久しぶりに大久保(新宿区)を歩いてきた。
ご案内くださったのは、以前、CHCのミニセミナーで、
「大久保の町の変遷」をお話しいただいたI女史。
(NHK「ブラタモリ」でも、タモリさんをご案内したらしい。
残念、その番組は見逃した!)
彼女からいただいたメールに、
「(大久保は)近頃ムスリム達の勢いがすごいです!」の一文に、
私はすぐに飛びついた。
善(?)は急げ、小雨の振る日、大久保の駅に降り立つ。
この活気は何なんだ!
他の街は、雨の中でひっそりしていたのに、ここは別世界。
街は明るく輝いており、傘を差したままでは、前にも進めないほどの人混み。
そして、私はその街の雑踏の中で、なぜかほっとするような気持ちになっていた。
早速、彼女の案内で新しく変わってきた街の一角に。
「あ!」、彼女が小さく声を上げた。
お店が1軒、また変わっていたらしい。
すごい、彼女は大久保の街のすべてのお店が頭に入っているようだ。
早速、その周辺を探索。
ムスリム用の食材を売っている「ハラールフード店」が
あちこちにある。
「このビル、入ってみましょうか。

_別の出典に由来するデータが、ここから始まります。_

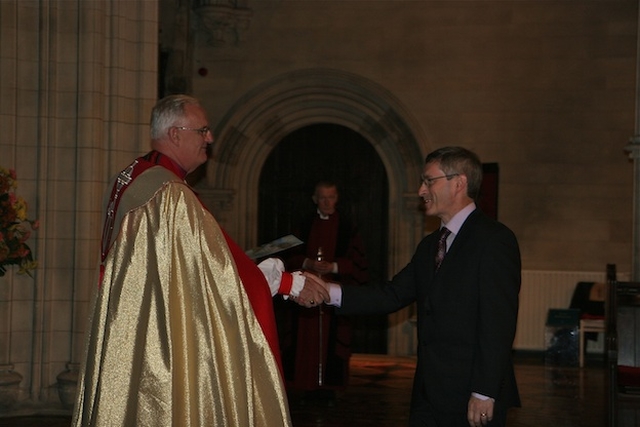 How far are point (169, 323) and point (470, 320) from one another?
98 centimetres

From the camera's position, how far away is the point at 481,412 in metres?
3.37

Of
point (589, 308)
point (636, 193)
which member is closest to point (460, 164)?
point (636, 193)

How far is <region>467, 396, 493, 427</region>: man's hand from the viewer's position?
3.37m

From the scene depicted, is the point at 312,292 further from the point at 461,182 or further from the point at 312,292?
the point at 461,182

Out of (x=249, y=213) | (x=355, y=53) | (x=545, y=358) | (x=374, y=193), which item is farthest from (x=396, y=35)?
(x=545, y=358)

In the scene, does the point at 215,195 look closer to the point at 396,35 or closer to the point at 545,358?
the point at 396,35

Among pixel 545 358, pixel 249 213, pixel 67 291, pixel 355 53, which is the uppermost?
pixel 355 53

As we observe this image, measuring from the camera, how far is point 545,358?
10562 mm

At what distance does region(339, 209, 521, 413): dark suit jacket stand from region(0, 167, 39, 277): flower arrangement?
2.77 metres

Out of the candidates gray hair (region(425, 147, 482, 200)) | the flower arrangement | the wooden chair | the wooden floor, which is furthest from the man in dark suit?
the wooden chair

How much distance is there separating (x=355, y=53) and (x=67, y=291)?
5.47 meters

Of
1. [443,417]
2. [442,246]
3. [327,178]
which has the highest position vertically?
[327,178]

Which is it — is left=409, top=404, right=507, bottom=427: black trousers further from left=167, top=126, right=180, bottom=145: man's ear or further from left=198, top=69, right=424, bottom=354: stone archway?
left=198, top=69, right=424, bottom=354: stone archway

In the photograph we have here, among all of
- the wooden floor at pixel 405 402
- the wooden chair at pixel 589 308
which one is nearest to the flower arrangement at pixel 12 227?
the wooden floor at pixel 405 402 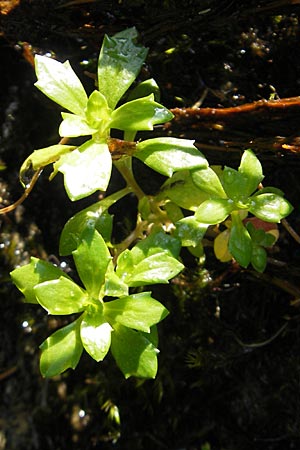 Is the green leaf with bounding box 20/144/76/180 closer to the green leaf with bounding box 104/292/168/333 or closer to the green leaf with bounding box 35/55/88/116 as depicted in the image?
the green leaf with bounding box 35/55/88/116

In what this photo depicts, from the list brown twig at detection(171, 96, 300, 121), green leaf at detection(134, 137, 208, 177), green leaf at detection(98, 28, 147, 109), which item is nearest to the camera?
green leaf at detection(134, 137, 208, 177)

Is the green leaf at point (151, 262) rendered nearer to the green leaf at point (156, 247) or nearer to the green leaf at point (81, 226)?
the green leaf at point (156, 247)

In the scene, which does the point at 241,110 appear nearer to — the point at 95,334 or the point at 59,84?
the point at 59,84

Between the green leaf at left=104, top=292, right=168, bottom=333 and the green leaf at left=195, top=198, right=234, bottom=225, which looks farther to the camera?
the green leaf at left=195, top=198, right=234, bottom=225

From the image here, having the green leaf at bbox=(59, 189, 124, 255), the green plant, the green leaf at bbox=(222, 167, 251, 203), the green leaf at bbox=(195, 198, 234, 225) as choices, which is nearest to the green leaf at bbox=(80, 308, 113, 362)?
the green plant

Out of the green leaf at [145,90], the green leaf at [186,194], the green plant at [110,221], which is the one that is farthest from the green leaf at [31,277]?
the green leaf at [145,90]

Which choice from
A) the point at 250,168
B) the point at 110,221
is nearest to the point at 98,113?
the point at 110,221

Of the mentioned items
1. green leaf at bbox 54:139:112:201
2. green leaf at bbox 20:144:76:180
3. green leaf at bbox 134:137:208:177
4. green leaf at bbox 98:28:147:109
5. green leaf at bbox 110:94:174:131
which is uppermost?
green leaf at bbox 98:28:147:109

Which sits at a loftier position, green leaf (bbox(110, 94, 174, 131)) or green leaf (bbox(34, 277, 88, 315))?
green leaf (bbox(110, 94, 174, 131)) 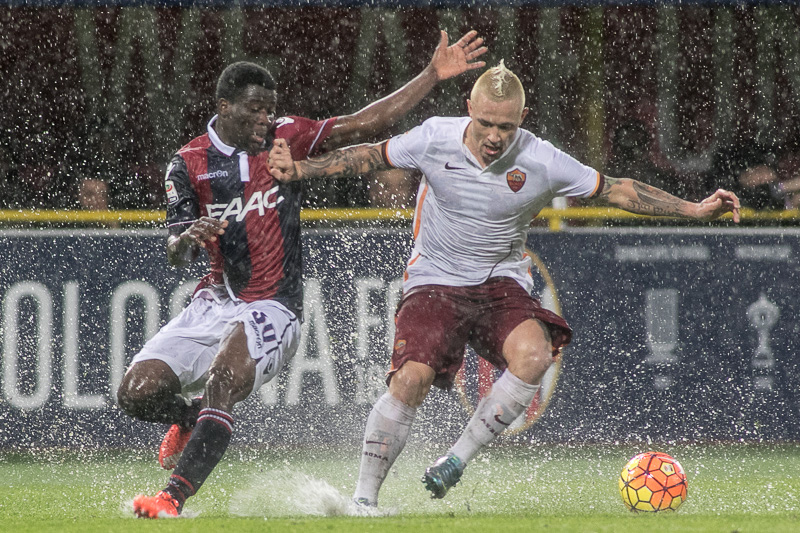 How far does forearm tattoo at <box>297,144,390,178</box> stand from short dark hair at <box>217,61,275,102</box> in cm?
46

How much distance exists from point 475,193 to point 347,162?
1.89 feet

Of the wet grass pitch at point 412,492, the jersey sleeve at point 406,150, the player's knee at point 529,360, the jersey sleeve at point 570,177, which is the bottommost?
the wet grass pitch at point 412,492

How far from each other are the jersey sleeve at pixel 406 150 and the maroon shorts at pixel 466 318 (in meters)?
0.56

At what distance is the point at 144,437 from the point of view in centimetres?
777

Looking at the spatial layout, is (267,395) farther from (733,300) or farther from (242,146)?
(733,300)

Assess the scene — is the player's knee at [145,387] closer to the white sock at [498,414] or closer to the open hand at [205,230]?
the open hand at [205,230]

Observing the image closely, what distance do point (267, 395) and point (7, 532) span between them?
10.00 ft

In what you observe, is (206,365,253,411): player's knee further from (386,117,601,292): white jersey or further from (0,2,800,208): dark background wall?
(0,2,800,208): dark background wall

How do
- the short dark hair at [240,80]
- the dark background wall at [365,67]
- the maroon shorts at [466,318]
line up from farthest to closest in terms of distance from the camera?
the dark background wall at [365,67] → the short dark hair at [240,80] → the maroon shorts at [466,318]

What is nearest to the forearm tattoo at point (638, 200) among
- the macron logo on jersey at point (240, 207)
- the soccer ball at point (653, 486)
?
the soccer ball at point (653, 486)

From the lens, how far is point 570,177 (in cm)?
545

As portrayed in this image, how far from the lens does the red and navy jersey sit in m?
5.69

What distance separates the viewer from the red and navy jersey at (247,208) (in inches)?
224

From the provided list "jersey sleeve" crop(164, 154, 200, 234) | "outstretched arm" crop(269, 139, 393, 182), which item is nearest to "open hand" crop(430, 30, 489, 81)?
"outstretched arm" crop(269, 139, 393, 182) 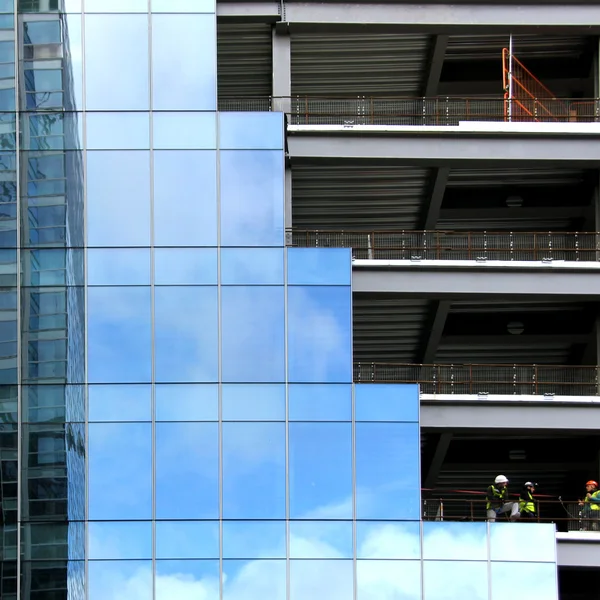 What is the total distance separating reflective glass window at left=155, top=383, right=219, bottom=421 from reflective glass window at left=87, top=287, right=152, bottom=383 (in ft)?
2.14

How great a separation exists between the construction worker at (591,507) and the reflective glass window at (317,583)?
6633 millimetres

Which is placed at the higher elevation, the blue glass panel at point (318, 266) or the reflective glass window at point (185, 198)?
the reflective glass window at point (185, 198)

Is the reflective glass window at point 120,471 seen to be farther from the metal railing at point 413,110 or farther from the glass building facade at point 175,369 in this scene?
the metal railing at point 413,110

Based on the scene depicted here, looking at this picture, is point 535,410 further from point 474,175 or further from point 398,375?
point 474,175

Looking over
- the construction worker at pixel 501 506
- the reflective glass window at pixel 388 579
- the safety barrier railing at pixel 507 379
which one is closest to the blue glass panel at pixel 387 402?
the safety barrier railing at pixel 507 379

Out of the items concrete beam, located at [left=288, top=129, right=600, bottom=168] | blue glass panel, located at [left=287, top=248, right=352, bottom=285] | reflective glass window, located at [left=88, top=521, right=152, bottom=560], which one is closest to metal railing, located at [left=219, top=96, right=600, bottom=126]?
concrete beam, located at [left=288, top=129, right=600, bottom=168]

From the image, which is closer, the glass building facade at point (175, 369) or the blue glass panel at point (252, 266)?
the glass building facade at point (175, 369)

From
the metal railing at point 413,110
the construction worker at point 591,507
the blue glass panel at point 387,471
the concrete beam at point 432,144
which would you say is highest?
the metal railing at point 413,110

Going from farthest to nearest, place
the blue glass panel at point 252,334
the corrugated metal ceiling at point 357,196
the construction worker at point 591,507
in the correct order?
the corrugated metal ceiling at point 357,196
the blue glass panel at point 252,334
the construction worker at point 591,507

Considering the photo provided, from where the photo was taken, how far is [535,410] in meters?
39.3

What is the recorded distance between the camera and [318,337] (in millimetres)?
38062

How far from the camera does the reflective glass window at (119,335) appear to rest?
37719mm

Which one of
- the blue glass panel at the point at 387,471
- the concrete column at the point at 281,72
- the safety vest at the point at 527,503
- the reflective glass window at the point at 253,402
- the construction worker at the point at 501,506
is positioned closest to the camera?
the construction worker at the point at 501,506

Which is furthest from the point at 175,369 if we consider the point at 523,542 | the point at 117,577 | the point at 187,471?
the point at 523,542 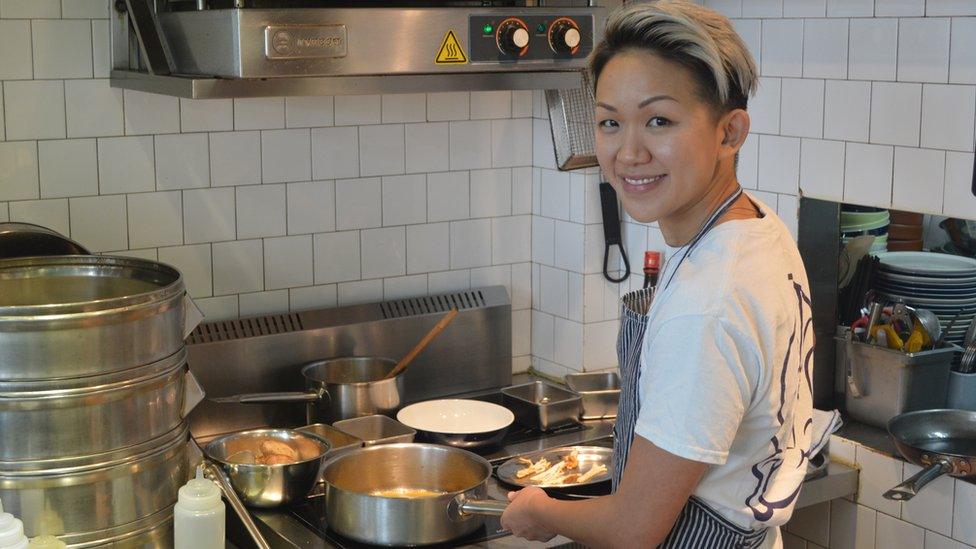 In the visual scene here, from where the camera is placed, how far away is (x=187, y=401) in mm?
2037

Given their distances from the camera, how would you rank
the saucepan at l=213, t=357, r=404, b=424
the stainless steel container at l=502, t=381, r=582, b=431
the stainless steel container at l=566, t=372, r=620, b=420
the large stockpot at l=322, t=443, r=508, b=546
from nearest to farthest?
the large stockpot at l=322, t=443, r=508, b=546 → the saucepan at l=213, t=357, r=404, b=424 → the stainless steel container at l=502, t=381, r=582, b=431 → the stainless steel container at l=566, t=372, r=620, b=420

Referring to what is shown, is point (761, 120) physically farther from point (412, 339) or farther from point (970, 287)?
point (412, 339)

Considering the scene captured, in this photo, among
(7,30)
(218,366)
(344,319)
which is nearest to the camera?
(7,30)

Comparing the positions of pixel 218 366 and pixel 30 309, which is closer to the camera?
pixel 30 309

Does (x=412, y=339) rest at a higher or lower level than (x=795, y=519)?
higher

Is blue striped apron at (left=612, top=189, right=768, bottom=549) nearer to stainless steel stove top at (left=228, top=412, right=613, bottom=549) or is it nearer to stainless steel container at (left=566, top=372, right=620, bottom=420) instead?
stainless steel stove top at (left=228, top=412, right=613, bottom=549)

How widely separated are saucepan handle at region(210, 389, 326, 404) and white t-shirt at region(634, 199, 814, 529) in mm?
1272

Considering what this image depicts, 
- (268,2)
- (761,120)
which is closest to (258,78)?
(268,2)

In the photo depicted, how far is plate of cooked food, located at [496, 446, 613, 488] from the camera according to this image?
2.31 meters

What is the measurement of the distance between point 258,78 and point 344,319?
0.87 m

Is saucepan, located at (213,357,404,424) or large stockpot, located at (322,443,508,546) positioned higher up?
saucepan, located at (213,357,404,424)

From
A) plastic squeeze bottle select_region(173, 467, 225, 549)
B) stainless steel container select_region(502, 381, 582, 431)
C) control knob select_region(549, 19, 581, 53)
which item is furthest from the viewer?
stainless steel container select_region(502, 381, 582, 431)

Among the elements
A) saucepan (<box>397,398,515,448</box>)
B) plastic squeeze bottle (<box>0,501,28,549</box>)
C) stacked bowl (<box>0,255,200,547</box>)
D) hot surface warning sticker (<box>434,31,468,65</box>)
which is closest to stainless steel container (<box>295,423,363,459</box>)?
saucepan (<box>397,398,515,448</box>)

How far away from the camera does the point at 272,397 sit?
8.27 ft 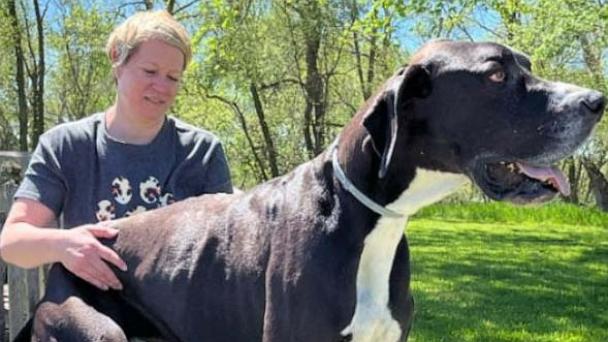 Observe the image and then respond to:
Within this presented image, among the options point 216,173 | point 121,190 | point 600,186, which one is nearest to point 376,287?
point 216,173

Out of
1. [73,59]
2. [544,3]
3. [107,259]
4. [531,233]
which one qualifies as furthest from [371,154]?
[73,59]

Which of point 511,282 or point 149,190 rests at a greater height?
A: point 149,190

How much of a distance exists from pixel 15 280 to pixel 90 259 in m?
1.56

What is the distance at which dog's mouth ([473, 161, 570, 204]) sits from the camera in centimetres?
235

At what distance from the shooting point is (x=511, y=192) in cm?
239

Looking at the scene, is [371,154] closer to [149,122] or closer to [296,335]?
[296,335]

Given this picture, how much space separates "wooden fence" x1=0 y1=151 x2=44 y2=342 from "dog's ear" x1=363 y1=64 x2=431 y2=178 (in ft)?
7.43

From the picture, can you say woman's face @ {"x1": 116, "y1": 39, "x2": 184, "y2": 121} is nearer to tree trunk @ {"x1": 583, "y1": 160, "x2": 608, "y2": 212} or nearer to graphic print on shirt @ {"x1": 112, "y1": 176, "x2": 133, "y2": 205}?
graphic print on shirt @ {"x1": 112, "y1": 176, "x2": 133, "y2": 205}

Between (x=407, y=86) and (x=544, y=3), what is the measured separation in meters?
9.56

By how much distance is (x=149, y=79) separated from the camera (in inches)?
121

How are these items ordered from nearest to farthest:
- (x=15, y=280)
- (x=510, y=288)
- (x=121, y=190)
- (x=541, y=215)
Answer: (x=121, y=190)
(x=15, y=280)
(x=510, y=288)
(x=541, y=215)

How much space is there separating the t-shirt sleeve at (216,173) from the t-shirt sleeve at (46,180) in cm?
50

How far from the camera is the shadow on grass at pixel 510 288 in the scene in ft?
21.4

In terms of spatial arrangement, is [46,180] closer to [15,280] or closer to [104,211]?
[104,211] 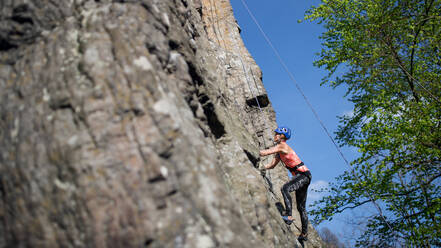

どんな店が入っているのか、
最上階から見てみましょう!」
早速、近くの5階建てのビルに入る。
壁には、見たこともない文字のチラシが、所狭しと貼られている。
上階は、住居になっているらしいが、3階くらいまでは、ネパール料理店、
ハラールフード店、小さなモスクもあるらしい。
階段ですれ違う人たちは、全部外国人。
自分が今どこにいるのか一瞬わからなくなる。
街の探索を終え、インドネシア料理店へ。
けれどお店のご主人はブラジル人で、何を注文しても、
まだ家にいるらしいインドネシア人の奥さんに電話で確認し、
「すみません、それ今ないです」というのには笑った。
お店に入ってからは、二人で話しが止まらなかった。
その話の中で、「多様性」という言葉が出たとたん、
「よかった!差し上げようと思って私が原稿を書いた
冊子を持ってきたのに、すっかり忘れてた!」と
小さな冊子を取り出した。
その冊子は、「多様性」について、さまざまな研究者が書いたもので、
他の人の文章は、硬くてあまり読む気になれなかったが、彼女の文章は
帰りの電車の中で一気に読んだ。
CHCの「理念」にも、
コレクティブハウジングの考え方は、
「多様な暮らし方・生き方を受け止められる住環境づくり」
と書いてある。
そして、今、あちこちで「多様性」ということが注目されている。
けれど、ふわふわした「多様性」をイメージしているだけで、
本当に自分の生活の中に、実感として、自分と違うさまざまな「多様」を
受け入れることまで覚悟が出来ているのか、と思うことがある。
以下は、彼女の文章の一部である。
大久保を通して見えてくること、それは、本気で「多様性」を求めるならば、
それなりの覚悟が必要ということだ。
本来関わりたくないような、面倒でやっかいなことも含めて受け入れられるか、
自分も変わっていくことを受け入れられるか、その覚悟がないと
「これでいいのだ」とは、なかなかいえない。
私を惹きつけてやまない大久保の魅力とは、まさに、その懐の深さにある。
(世界思想社 2010年春「世界思想」37号より)
この文章、いつもコレクティブハウスの見学会で、見学会参加者から出る
「皆さんは、トラブルもなく楽しく暮らしているのですか」というような質問に、
居住者が答えている言葉と通じるものがある。
コレクティブハウジングは、他人とゆるやかに関わって暮らす暮らし方である。
面倒くさいことも、他人は自分と違う考えを持っているということも全部含めて
受け止め、それではじめて「多様な他人と『暮らす』」ことになる。
「多様」を受け止めたあとに何が待っているのか、それはわからないが、
「これでいいのだ」といえることを願っている。